Steve Mimnaugh and his former partners negotiated a development agreement with the City and County of Broomfield which, among other items, allowed for the use of tax increment financing on the site. The JV then purchased another 30 acres which was contiguous with the site, thereby increasing the size of the site to 156 acres.
Steve Mimnaugh and his former partners formed a metropolitan district, a Colorado quasi-governmental entity. Steve Mimnaugh was the President of the District. The District then issued three separate bond tranches which totaled about $56 million in tax increment financing. With the bond financing funds, the District constructed the infrastructure (streets, curb, gutter, storm, sewer and water systems, etc.) that was required to support the completed development. Steve Mimnaugh and his former partners completed a number of office and retail buildings and lease and purchase transactions with tenants and purchasers, including with the following companies: WalMart (a Super WalMart), Marriott Town Place Hotel, Marriott Renaissance Hotel, Wells Fargo Bank, Bennigan’s Restaurant, LePeep’s Restaurant, Christy Sports, Qudoba, CB & Potts Restaurant, Jasons Restaurant, DSW Shoes, Lakeshore Athletic Club, AMLI Apartments (500 units), Walgreens, Chick-fil-A, etc.

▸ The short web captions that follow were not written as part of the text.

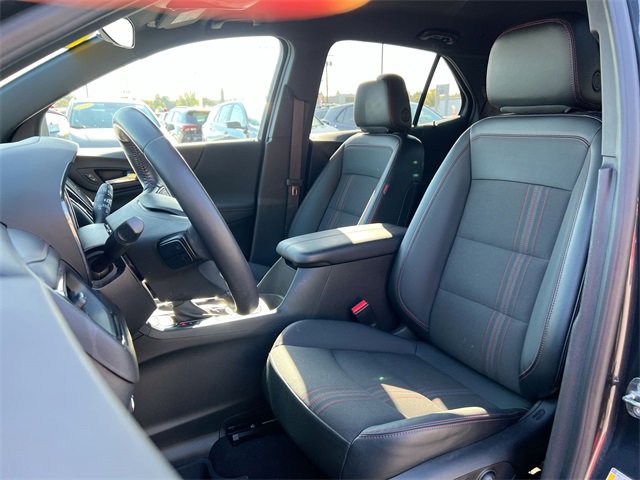 Used 2022 Chevrolet Equinox RS w/ Infotainment Package image 18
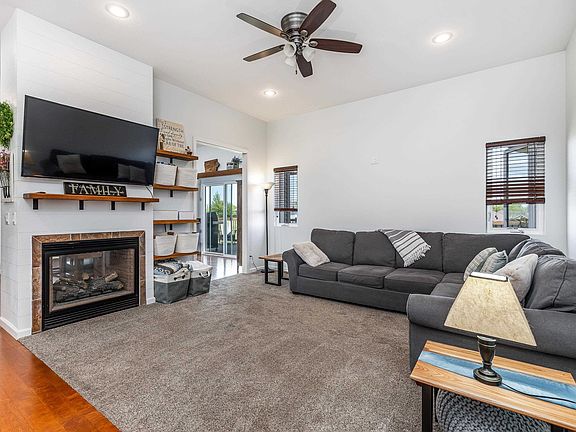 4th image of 10500 Black Walnut Ct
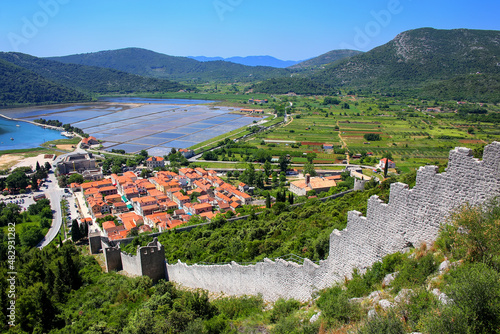 Bilde på lerret View pof Ston town and its defensive walls, Peljesac Peninsula, Croatia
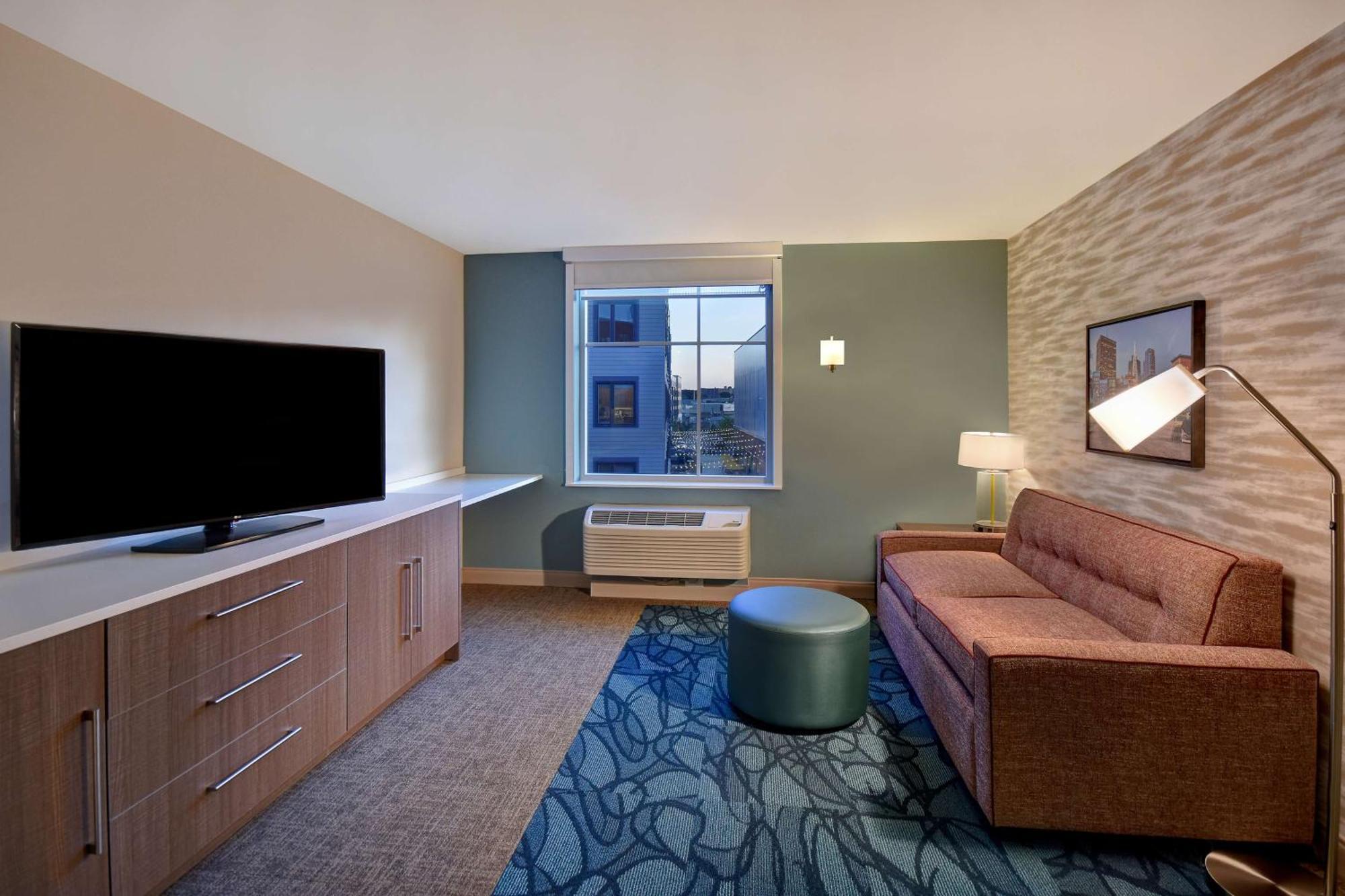 Hotel Home2 By Hilton South Bay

Tribecca Plaza had been the subject of certain litigation between the prior owner and the lender on Tribecca Plaza. Following a foreclosure action by the lender and a court appointed receiver being selected, it took the lender nearly six years to obtain the title to Tribecca Plaza. The lender’s loan balance had been paid down to approximately $32 million. After obtaining title, the lender then entered into a series of successive contracts with three different qualified buyers, first at $30 million, then $27 million and finally at $25 million. None of the purchase contracts closed.

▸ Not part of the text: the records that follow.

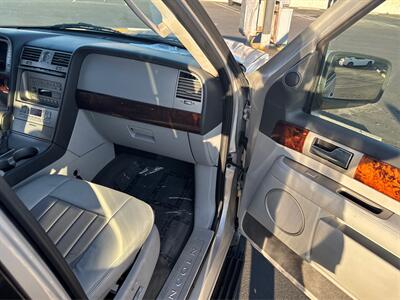2004 Lincoln Navigator Luxury   - Photo 21 - North Hills, CA 91343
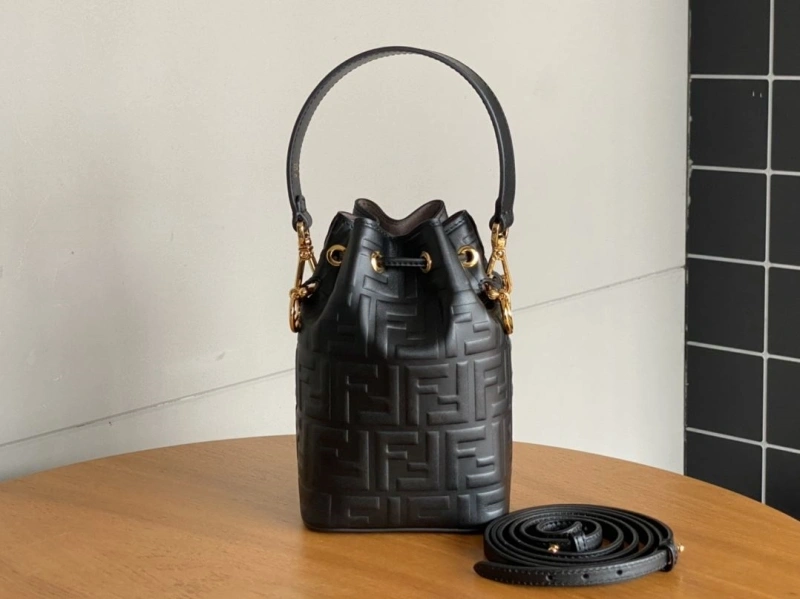 F**di bucket bags 4222c-0764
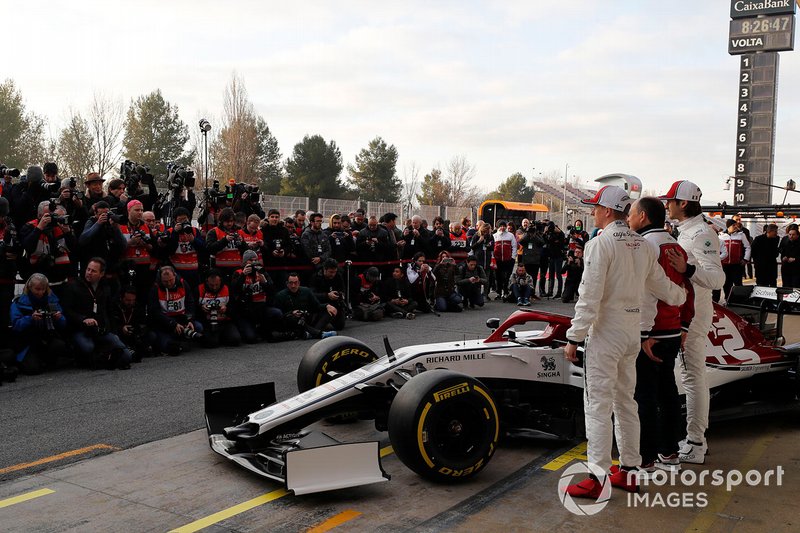 Antonio Giovinazzi, Alfa Romeo Racing, Frederic Vasseur, Alfa Romeo Racing, Teambaas en Kimi Raikkonen, Alfa Romeo Racing met de nieuwe Alfa Romeo C38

Steve Mimnaugh, along with his former partners, bought Tribecca Plaza from the lender for $21.7 million. On the surface, this appears to be a terrific acquisition because the purchase price was substantially below the lender’s loan balance. However, the reason the purchase price was so low was because there were a myriad of problems and challenges with the property, all of which had to be corrected in order to re-position this asset and sell it at a price sufficient to meet the exit IRR goal, including the following challenges and problems:
|TRIBECCA PLAZA CHALLENGES & PROBLEMS|
|For 6 years, brokers had ignored this asset – there was no money for tenant improvements & commissions (foreclosure and receivership – off the radar screen).||Challenge of redeveloping an asset in a sufficiently dramatic manner that would grab the attention of the marketplace, both brokers and tenants.|
|High vacancy & low cash flow.||Complete the redevelopment in a manner which would avoid lawsuits from the existing tenant base.|
|Remaining tenants were mostly month-to month.||Release all of the vacant space in the project.|
|Leaking roofs.||Construct ADA improvements.|
|Leaking exterior facade||Complete the renovation on time & on budget in order to achieve IRR goal.|
|Mold due to leaking roof and façade.||Complete all of the above on time and on budget.|
|Unrepaired earthquake damage.|
The project was completed on-time and on budget and the IRR goals was achieved.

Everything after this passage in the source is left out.